Introduction to Probability

• Will cover probabilities again briefly before focusing on discrete probability distributions: especially Poisson and binomial distributions.

Definition of Probability

• Probability refers to the chance of an event occurring; it ranges between 0 (impossible) and 1 (certain).

• Example: Probability of rain = 0 (impossible) vs. probability of a sunny day = 1 (certain).

• Probability can be expressed as both decimals and percentages; acceptable formats for exam answers.

Basic Probability Examples

• Coin Toss:

  • Probability of heads = 1/2 or 0.5.

  • Probability of tails = 1/2 or 0.5.

• Dice Roll:

  • Probability of rolling a four on a six-sided die = 1/6.

  • Better to keep probability as fractions for precision.

Notation in Probability

• Random Variables:

  • Denoted by X, Y, etc.

  • Example: P(X=x) indicates the probability of the random variable X equating to x.

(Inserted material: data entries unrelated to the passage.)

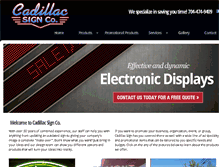 Tablet Screenshot of cadillacsignco.com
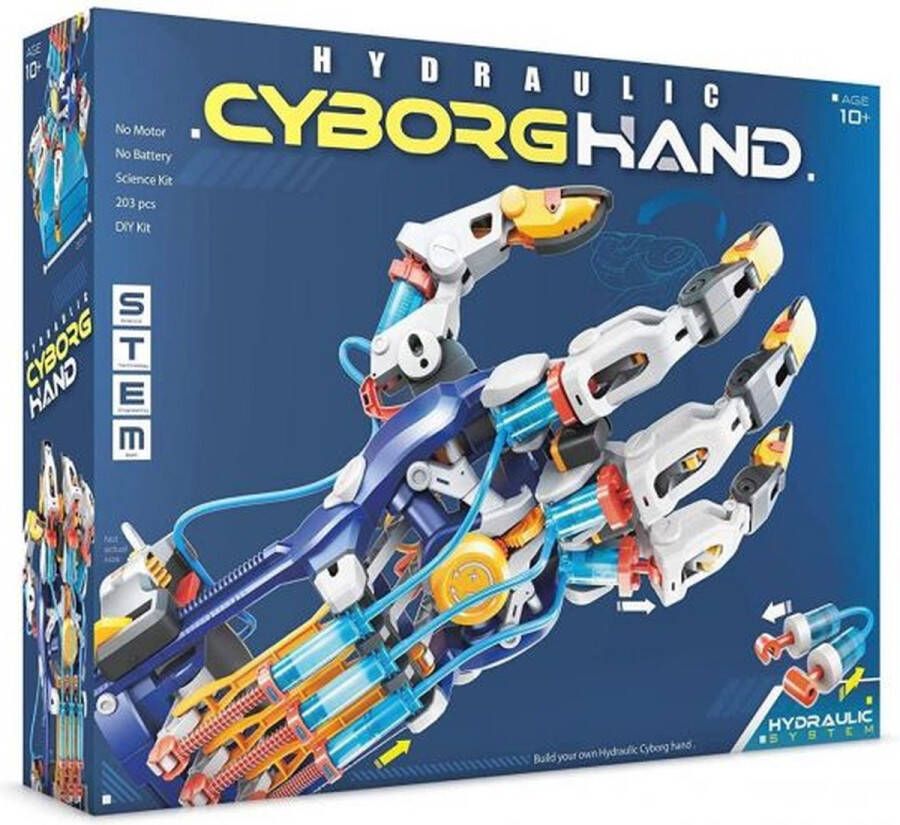 Construct & Create Hydraulic Cyborg Hand Experimenteerdozen Robot Bouwpakket Robot Speelgoed Jongens Bouwset Robot Hand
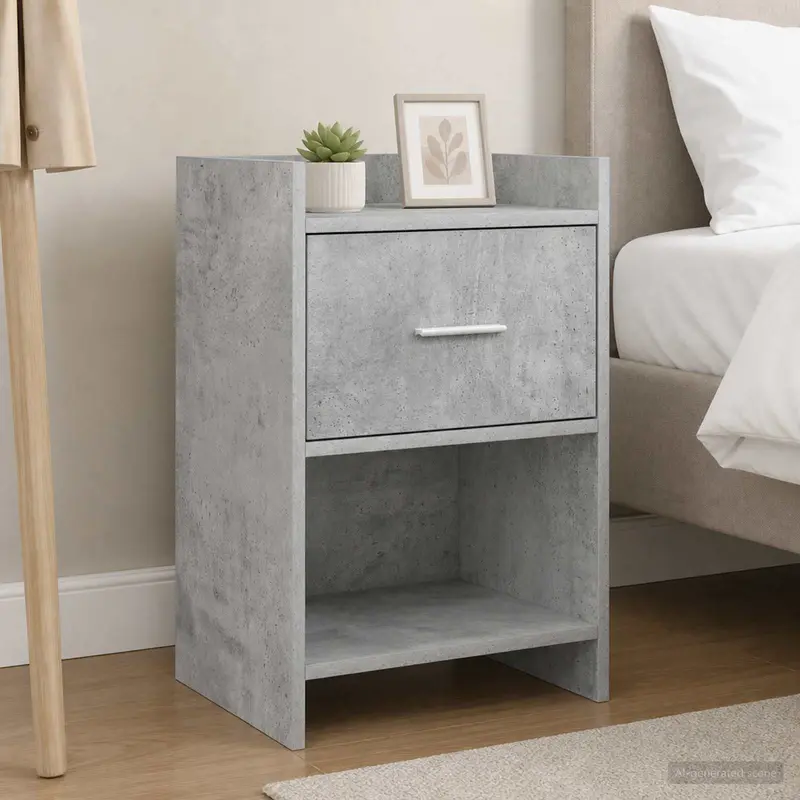Vidaxl nachtkastjes 2 st betongrijs 40 x 30 x 60 cm bewerkt hout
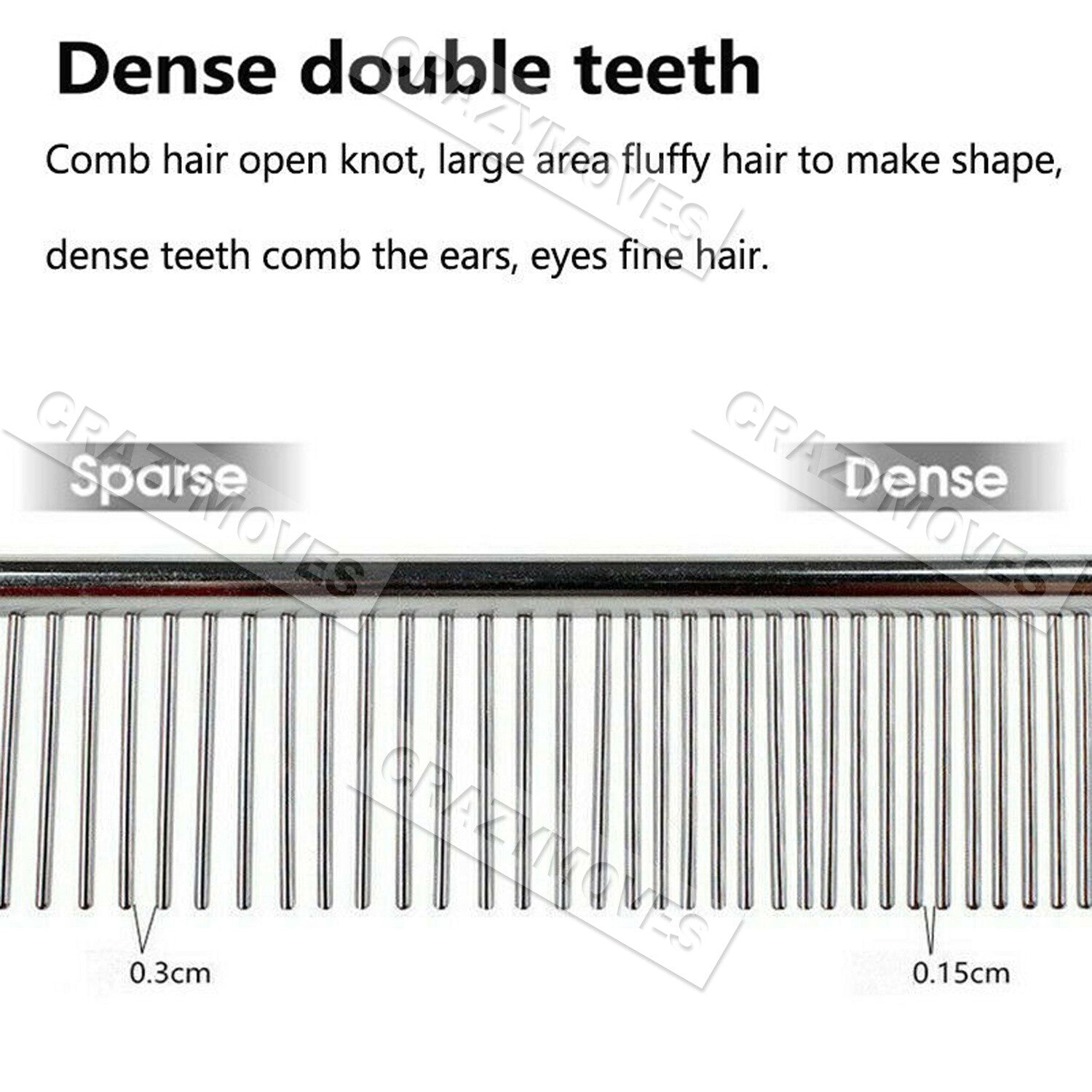 Stainless Steel Teeth Metal Comb Brush Pet Cat Dog Hair Grooming Trimmer
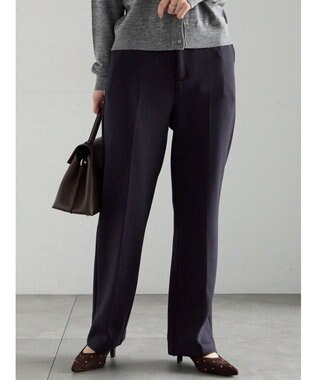 Te chichi 裏起毛パイピングストレートパンツ ネイビー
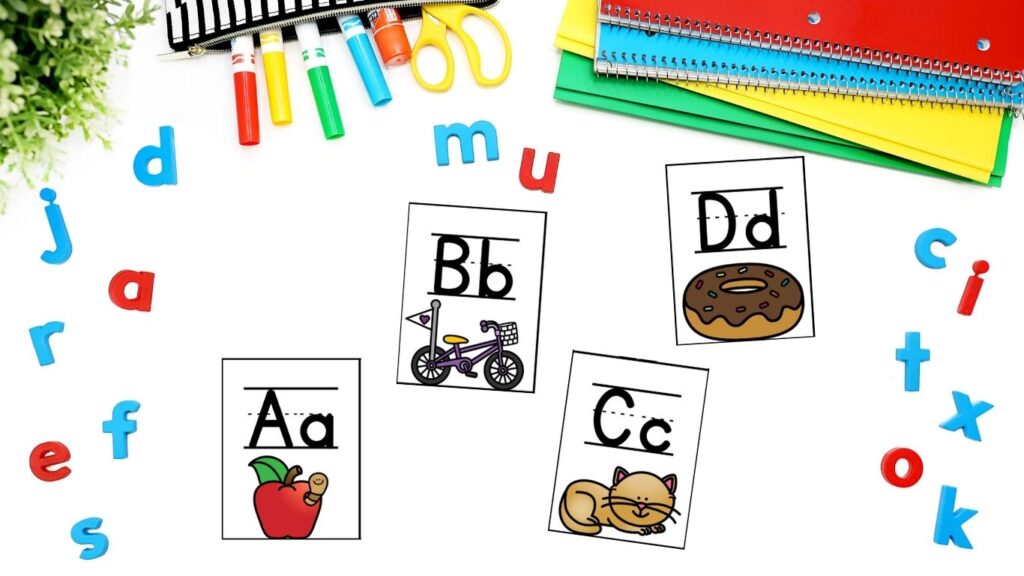 letter recognition strategies - tracing cards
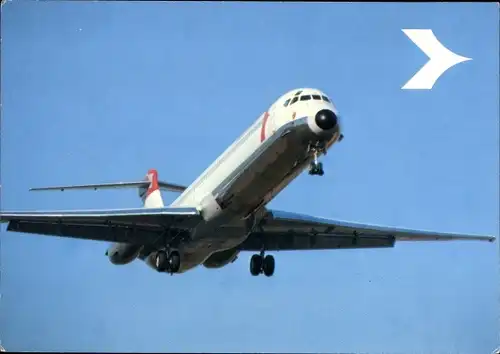 Ak Österreichisches Passagierflugzeug Austrian Airlines, Douglas DC 9 Super 80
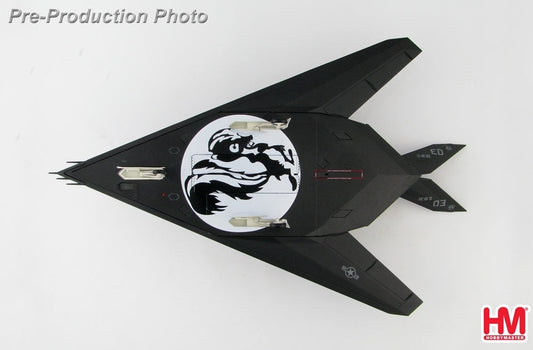 1/72 Lockheed F-117A Nighthawk 85-831 with Skunkworks artwork on the underside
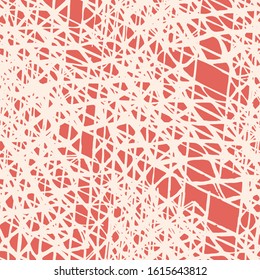 Organic Minimal Grid. Salmon and White Shibori Seamless Pattern. Tie Dye Abstract Texture. Batik Tie Dye Border. Stencil Japan Background. Watercolor Shoji Design. Kimono Tile. 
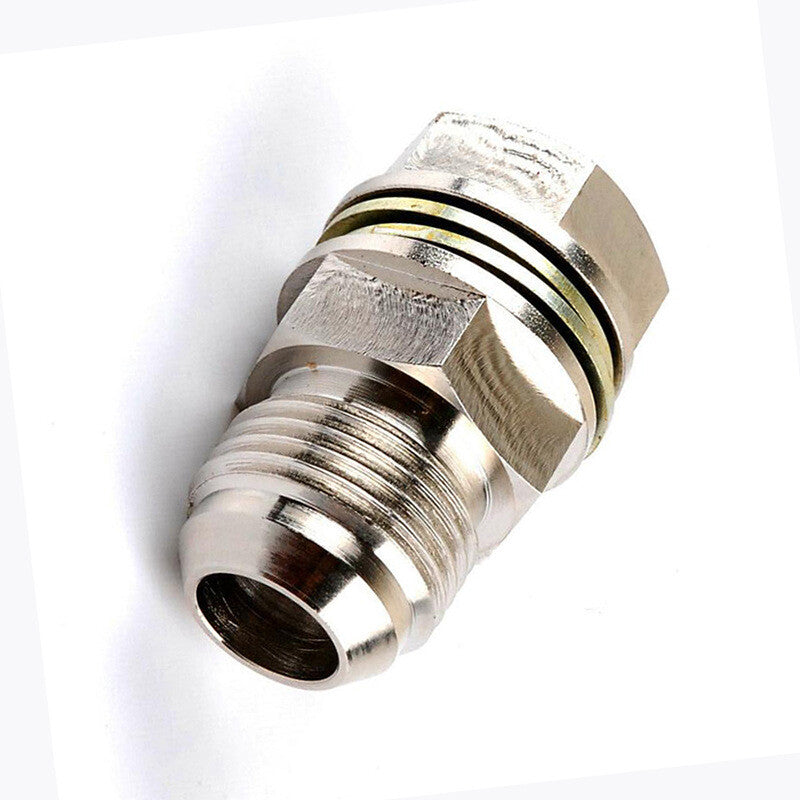 Automotive turbocharger oil pan adapter return drain plug 10 AN to M18x1.5 mm non-welded
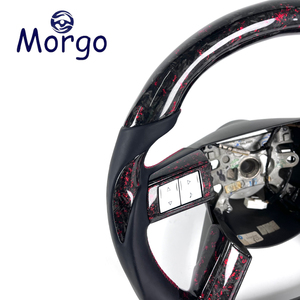 Volante Deportivo Personalizado de Fibra de Carbono Forjado Rojo para Chrysler 300 300c 300srt SRT8 Dodge Charger Challenger 2005-2008 - Product Image 5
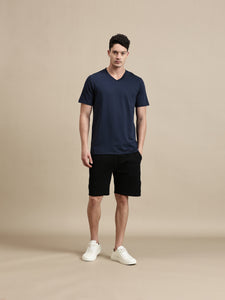 Men's T-Shirt – Half Sleeve - V Neck Slim Fit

  • For a six-sided die, P(X=5) = 1/6.

• Card example: Probability of Y (ace of spades) = 4/52 = 1/13.

Discrete Probability Distribution

Characteristics

• Definition: Lists the probability of each outcome in an experiment (only integer values).

• Example of a probability distribution for a six-sided die:

  • Outcomes: 1, 2, 3, 4, 5, 6 with each has P=1/6.

• Tasks regarding given probability distribution tables during tests (calculating probabilities).

Properties of Probability Distributions

• Probability values must always range between 0 and 1.

• The sum of probabilities in a distribution must equal to 1.

Validating a Probability Distribution

• Check sums and ranges:

  • Valid if:

    • All values are between 0 and 1.

    • Sum of all probabilities equals 1.

  • Common pitfalls include negative values and exceeding the sum of one.

Expected Value Calculation (Mean)

• Denoted by μ (mu) or E(X).

• Calculation formula:

  • E(X) = Σ (x_i * P(x_i)), summing across all outcomes.

• Example demonstrated with a series of outcomes (0, 1, 2) to compute expected value with given probabilities.

Standard Deviation in Probability Distributions

• Denoted by σ (sigma).

• Calculation requires:

  • Each outcome squared multiplied by its probability, summed, then square root of the variance.

  • The detailed steps for calculating standard deviation demonstrated.

Specific Discrete Probability Distributions

Poisson Distribution

• Models number of occurrences in a fixed interval of time or space.

  • Events must occur independently at a known constant mean (μ).

• Important terms defined:

  • X = number of occurrences.

  • μ = average rate of occurrence.

• Example: The number of calls to a call center in one hour.

• Notation: X ~ Poisson(μ).

• Mean = μ, Standard Deviation = √μ.

Binomial Distribution

• Formula and application not yet explored in depth, but will address in further discussions.

Probability Tables

• Two main types:

  • Individual (exact probabilities).

  • Cumulative (probabilities up to a certain point).

• Strategies for using these tables:

  • Find appropriate row for given mean/parameter.

  • For cumulative, sum values from zero to the limit given in problem.

Problem Solving with Probability Distributions

• Use case examples to clarify concepts and test applications through real-world scenarios.

• Example question involving probability of at most a certain number of events, using cumulative tables.

• Emphasis on using complementary probability for finding probabilities that exceed a certain number.

Using R for Probability Calculations

• Practical examples demonstrated using R programming:

  • Employing dpois() and ppois() functions for discrete and cumulative probabilities, respectively.